Sure, I do understand that Red Hat (or any other vendor) is taking
no
support responsibility for this. At this point I'd just like to
contribute to a better understanding of what's expected to definitely
_not_ work, so that people don't bloody their noses on that. :)
Indeed. nesting is nice to enable as it works in 99% of all cases. It
just doesn't work when trying to migrate a nested hypervisor. (on x86)
That's what most people don't realize, as it works "just fine" for 99%
of all use cases.
[...]
>
> savevm/loadvm is not expected to work correctly on an L1 if it is
> running L2 guests. It should work on L2 however.
Again, I'm somewhat struggling to understand this vs. live migration —
but it's entirely possible that I'm sorely lacking in my knowledge of
kernel and CPU internals.
(savevm/loadvm is also called "migration to file")
When we migrate to a file, it really is the same migration stream. You
"dump" the VM state into a file, instead of sending it over to another
(running) target.
Once you load your VM state from that file, it is a completely fresh
VM/KVM environment. So you have to restore all the state. Now, as nVMX
state is not contained in the migration stream, you cannot restore that
state. The L1 state is therefore "damaged" or incomplete.
[...]
>> Kashyap, can you think of any other limitations that would
benefit
>> from improved documentation?
>
> We should certainly document what I have summaries here properly at a
> central palce!
I tried getting registered on the
linux-kvm.org wiki to do exactly
that, and ran into an SMTP/DNS configuration issue with the
verification email. Kashyap said he was going to poke the site admin
about that.
Now, here's a bit more information on my continued testing. As I
mentioned on IRC, one of the things that struck me as odd was that if
I ran into the issue previously described, the L1 guest would enter a
reboot loop if configured with kernel.panic_on_oops=1. In other words,
I would savevm the L1 guest (with a running L2), then loadvm it, and
then the L1 would stack-trace, reboot, and then keep doing that
indefinitely.
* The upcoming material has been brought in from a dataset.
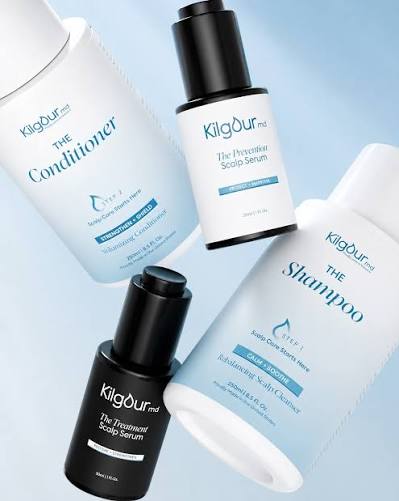 Everything you need for healthier-looking hair. A comprehensive hair care system, formulated to support scalp health, strengthen hair, and address a range of concerns. Because every hair journey deserves science-backed care. Discover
I found that weird because on the second reboot, I would
expect the system to come up cleanly.
Guess the L1 state (in the kernel) is broken that hard, that even a
reset cannot fix it.
I've now changed my L2 guest's CPU configuration so that libvirt (in
L1) starts the L2 guest with the following settings:
<cpu>
<model fallback='forbid'>Haswell-noTSX</model>
<vendor>Intel</vendor>
<feature policy='disable' name='vme'/>
<feature policy='disable' name='ss'/>
<feature policy='disable' name='f16c'/>
<feature policy='disable' name='rdrand'/>
<feature policy='disable' name='hypervisor'/>
<feature policy='disable' name='arat'/>
<feature policy='disable' name='tsc_adjust'/>
<feature policy='disable' name='xsaveopt'/>
<feature policy='disable' name='abm'/>
<feature policy='disable' name='aes'/>
<feature policy='disable' name='invpcid'/>
</cpu>
Maybe one of these features is the root cause of the "messed up" state
in KVM. So disabling it also makes the L1 state "less broken".
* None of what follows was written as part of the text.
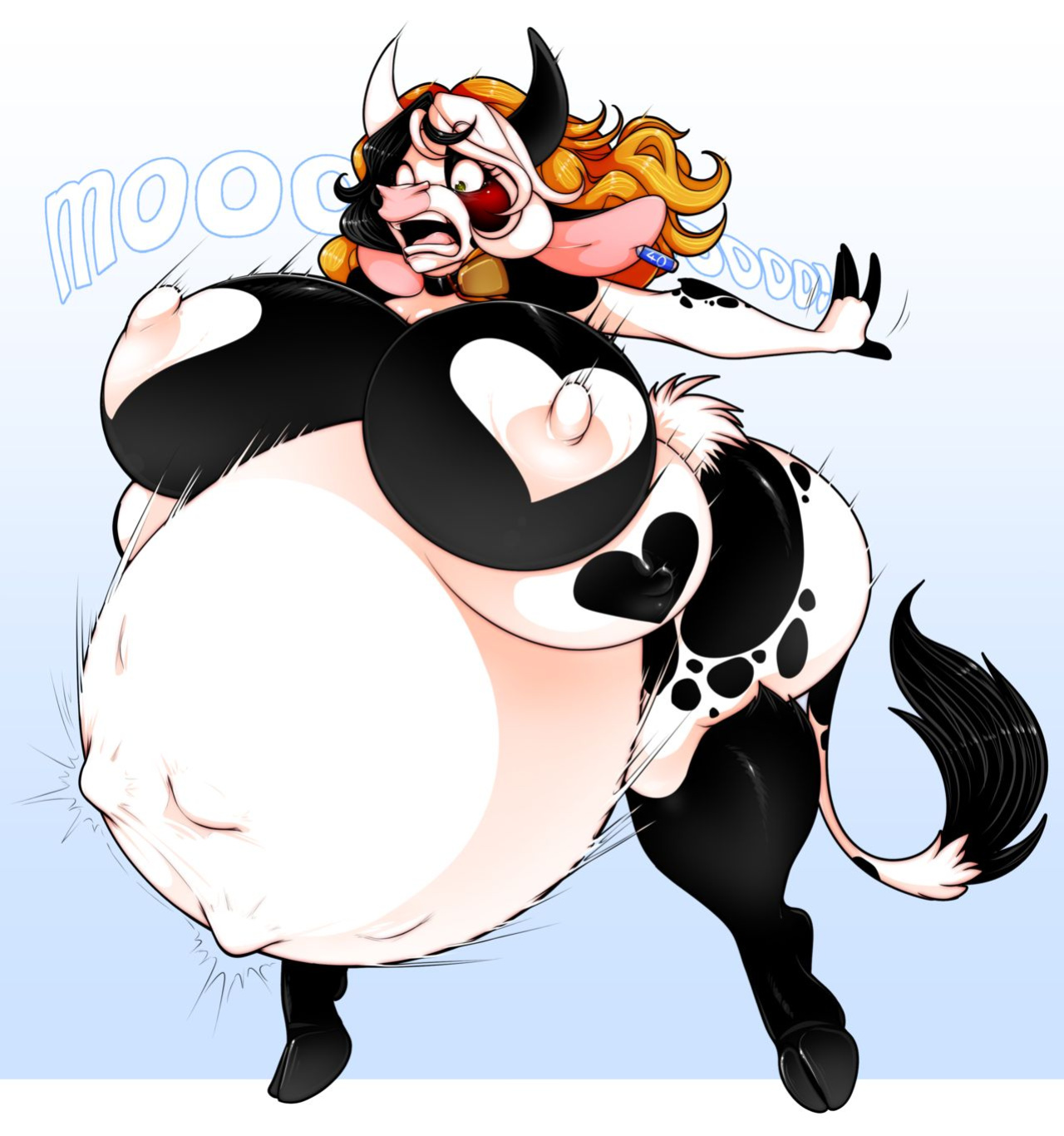 [Madamsquiggles] Moozel's Mootherhood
Basically, I am disabling every single feature that my L1's "virsh
capabilities" reports. Now this does not make my L1 come up happily
from loadvm. But it does seem to initiate a clean reboot after loadvm,
and after that clean reboot it lives happily.
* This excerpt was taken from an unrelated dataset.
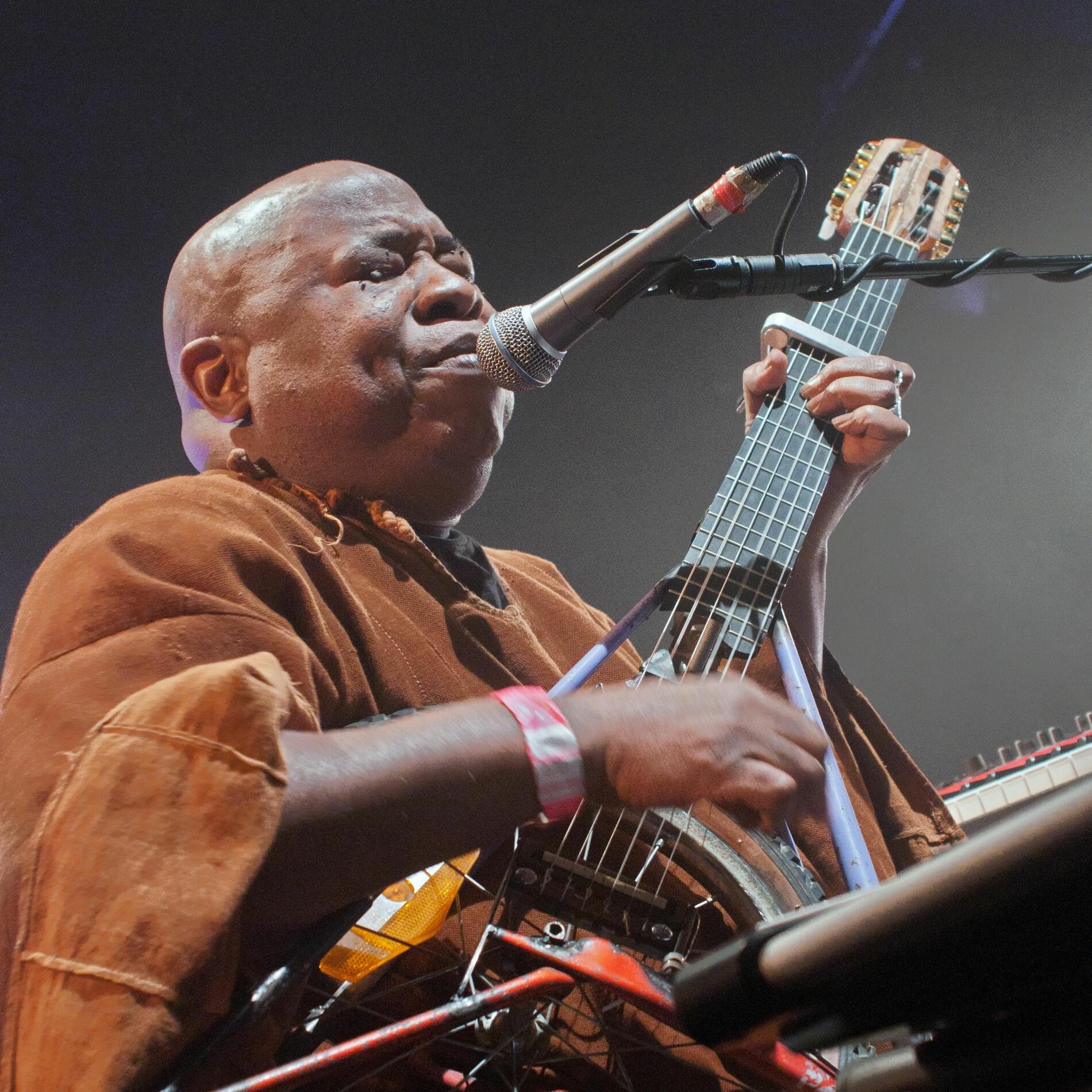 Cheick Tidiane Seck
If this is as good as it gets (for now), then I can totally live with
that. It certainly beats running the L2 guest with Qemu (without KVM
acceleration). But I would still love to understand the issue a little
bit better.
I mean the real solution to the problem is of course restoring the L1
state correctly (migrating nVMX state, what people are working on right
now). So what you are seeing is a bad "side effect" of that.
For now, nested=true should never be used along with savevm/loadvm/live
migration
Cheers,
Florian
--
Thanks,
David / dhildenb